### TASK STATEMENT
Please restate each entry word for word and leave the pictures out.

### RECORDS TO PROCESS

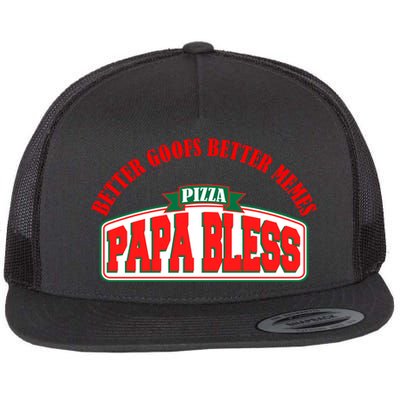 Papa Bless Pizza Better Goofs Better Memes Funny Meme Flat Bill Trucker Hat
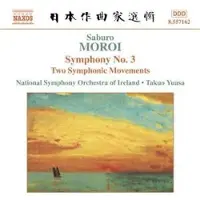 Naxos Moroi Saburo: Symfoni 3 / Two symphonic movement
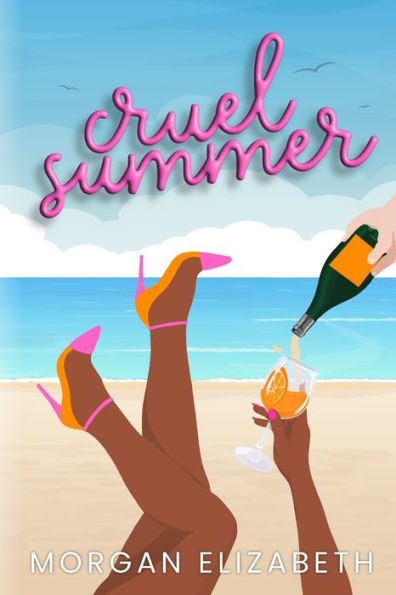 Cruel Summer: A Mean Girls Inspired Revenge Romance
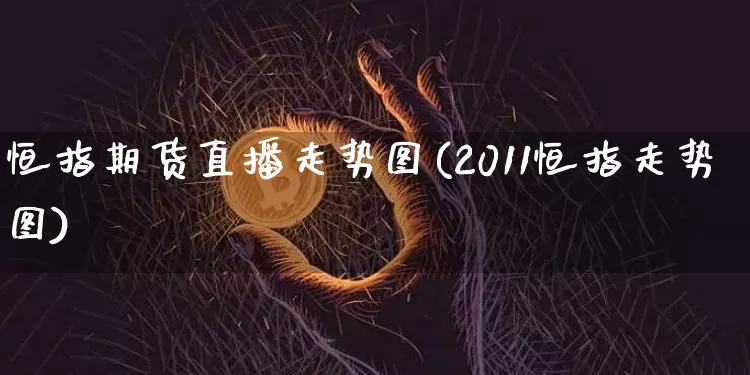 恒指期货直播走势图(2011恒指走势图)_https://www.dcjwmf.com_上期所_第1张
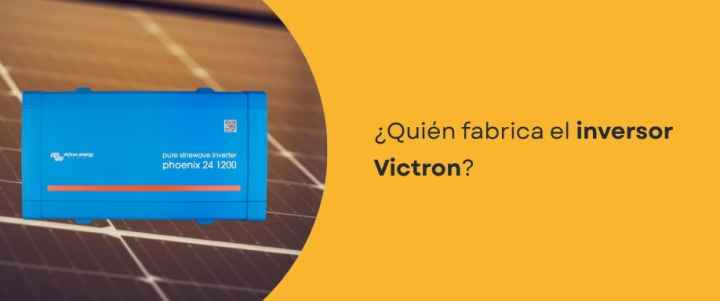 ¿Quién fabrica el inversor Victron?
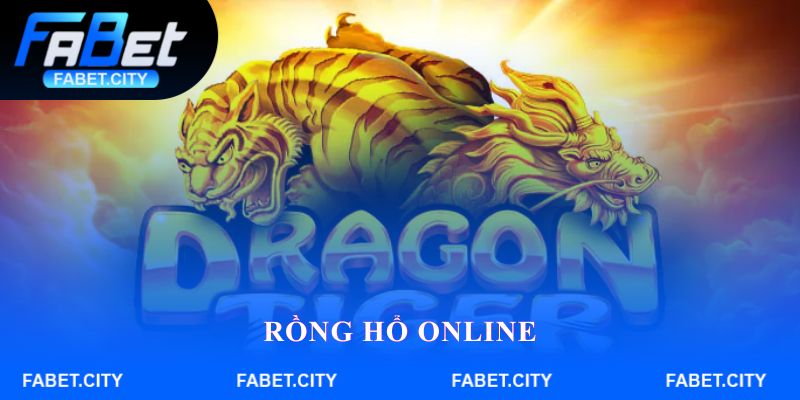 Rồng Hổ online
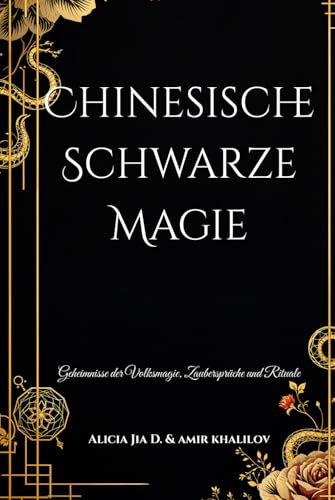 Chinesische Schwarze Magie: Geheimnisse der Volksmagie, Zaubersprüche und Rituale (Dark Arts & Black Magic) Chinesische Schwarze Magie: Geheimnisse der Volksmagie, Zaubersprüche und Rituale (Dark Arts & Black Magic) von Independently published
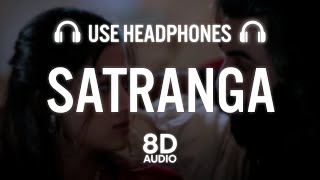 SATRANGA 8D AUDIO Ranbir Kapoor Rashmika Sandeep V Arijit Shreyas P SiddharthGarima [upl. by Phina908]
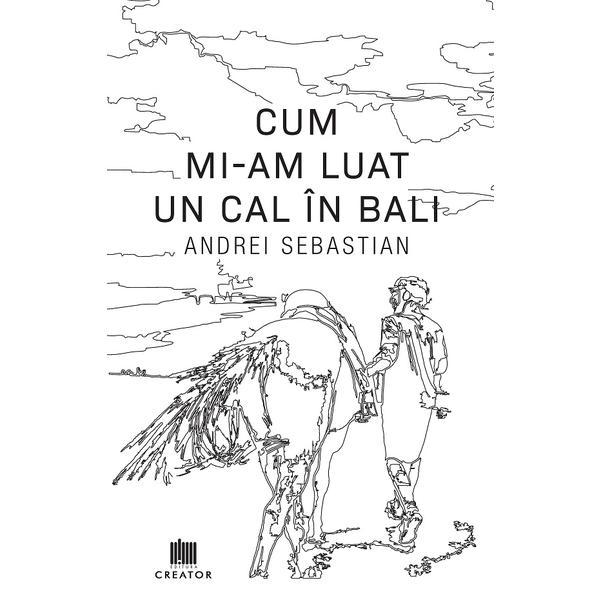 Cum mi-am luat un cal in Bali - Andrei Sebastian, Editura Creator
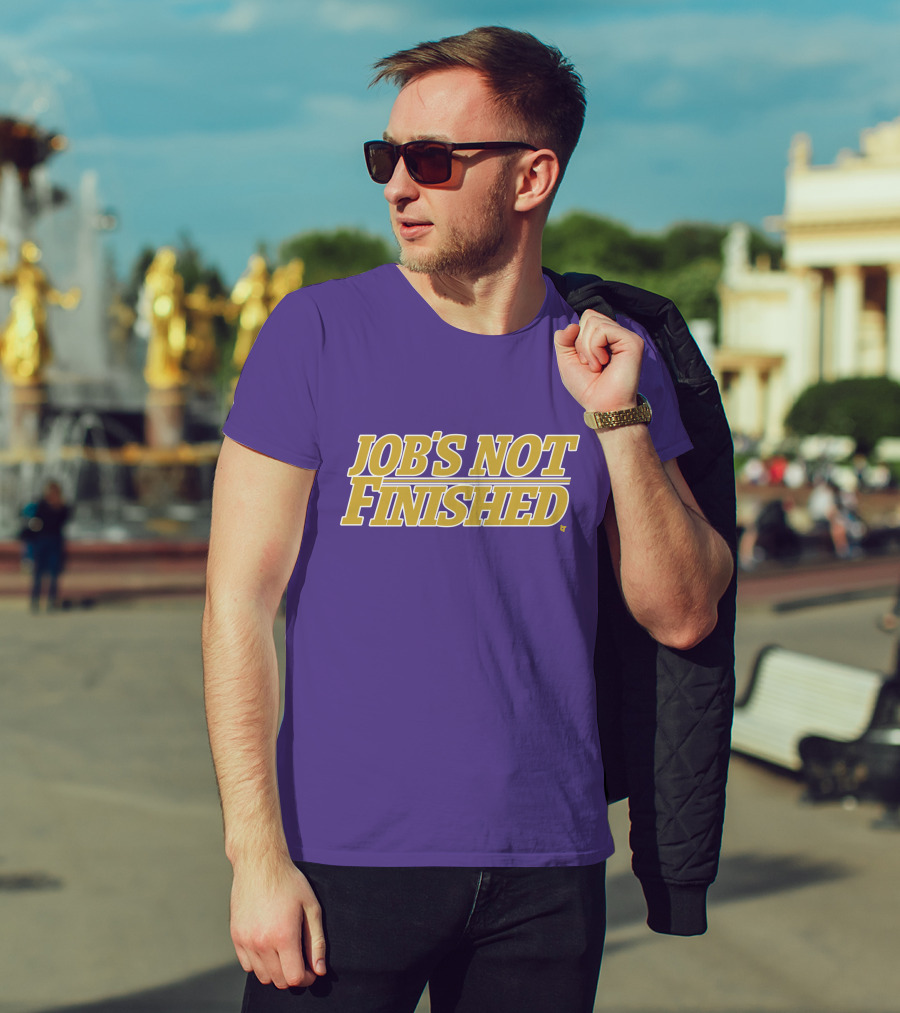 Jobs Not Finished Purple And Gold Motivation T-Shirt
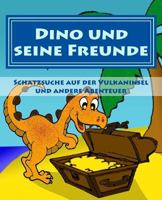 Dino Und Seine Freunde - Schatzsuche Auf Der Vulkaninsel Und Andere Abenteuer 1494374013 Book Cover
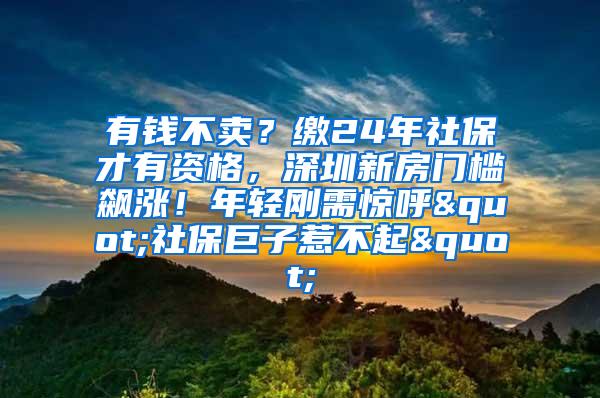 有钱不卖？缴24年社保才有资格，深圳新房门槛飙涨！年轻刚需惊呼"社保巨子惹不起"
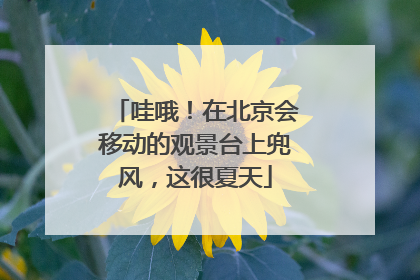 哇哦！在北京会移动的观景台上兜风，这很夏天
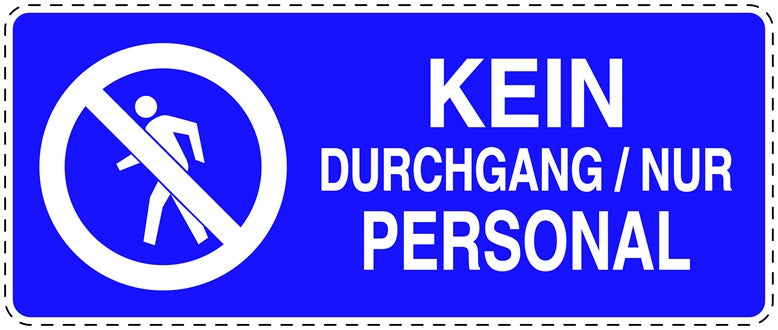 Zutritt verboten Aufkleber "Kein Durchgang/ Nur Personal" LO-SI5010-44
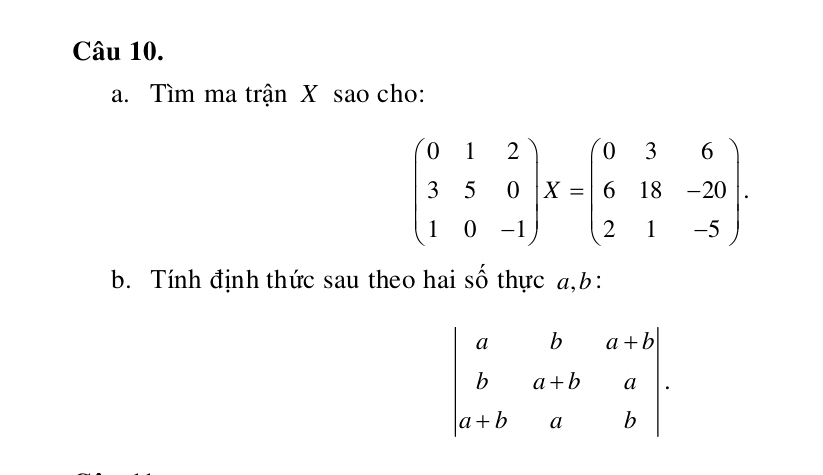 Tìm ma trận X sao cho:
beginpmatrix 0&1&2 3&5&0 1&0&-1endpmatrix X=beginpmatrix 0&3&6 6&18&-20 2&1&-5endpmatrix .
b. Tính định thức sau theo hai số thực a,b:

### ANSWER TO THIS PROBLEM
 Papa Bless Pizza Better Goofs Better Memes Funny Meme Flat Bill Trucker Hat
 Naxos Moroi Saburo: Symfoni 3 / Two symphonic movement
 Cruel Summer: A Mean Girls Inspired Revenge Romance
 恒指期货直播走势图(2011恒指走势图)_https://www.dcjwmf.com_上期所_第1张
 ¿Quién fabrica el inversor Victron?
 Rồng Hổ online
 Chinesische Schwarze Magie: Geheimnisse der Volksmagie, Zaubersprüche und Rituale (Dark Arts & Black Magic) Chinesische Schwarze Magie: Geheimnisse der Volksmagie, Zaubersprüche und Rituale (Dark Arts & Black Magic) von Independently published
 SATRANGA 8D AUDIO Ranbir Kapoor Rashmika Sandeep V Arijit Shreyas P SiddharthGarima [upl. by Phina908]
 Cum mi-am luat un cal in Bali - Andrei Sebastian, Editura Creator
 Jobs Not Finished Purple And Gold Motivation T-Shirt
 Dino Und Seine Freunde - Schatzsuche Auf Der Vulkaninsel Und Andere Abenteuer 1494374013 Book Cover
 有钱不卖？缴24年社保才有资格，深圳新房门槛飙涨！年轻刚需惊呼"社保巨子惹不起"
 哇哦！在北京会移动的观景台上兜风，这很夏天
 Zutritt verboten Aufkleber "Kein Durchgang/ Nur Personal" LO-SI5010-44
 Tìm ma trận X sao cho:
beginpmatrix 0&1&2 3&5&0 1&0&-1endpmatrix X=beginpmatrix 0&3&6 6&18&-20 2&1&-5endpmatrix .
b. Tính định thức sau theo hai số thực a,b:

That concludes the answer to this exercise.